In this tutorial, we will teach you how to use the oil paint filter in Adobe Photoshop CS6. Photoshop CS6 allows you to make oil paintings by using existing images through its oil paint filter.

○ ○ ○ ○

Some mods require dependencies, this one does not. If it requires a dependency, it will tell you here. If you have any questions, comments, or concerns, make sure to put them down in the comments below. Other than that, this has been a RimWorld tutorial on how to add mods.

○ ○ ○ ○

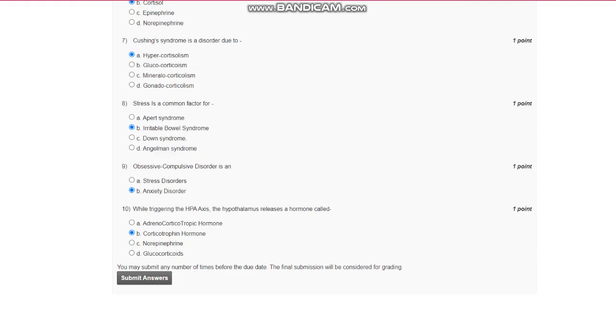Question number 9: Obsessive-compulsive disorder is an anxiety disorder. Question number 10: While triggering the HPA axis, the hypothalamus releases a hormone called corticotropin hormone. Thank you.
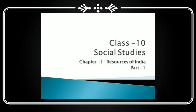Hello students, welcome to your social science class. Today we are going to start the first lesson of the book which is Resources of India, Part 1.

○ ○ ○ ○

**WORK INSTRUCTION:** Give the number of lines in the records that contain the string "will", and write nothing besides that number.

**TASK RESULT:** 2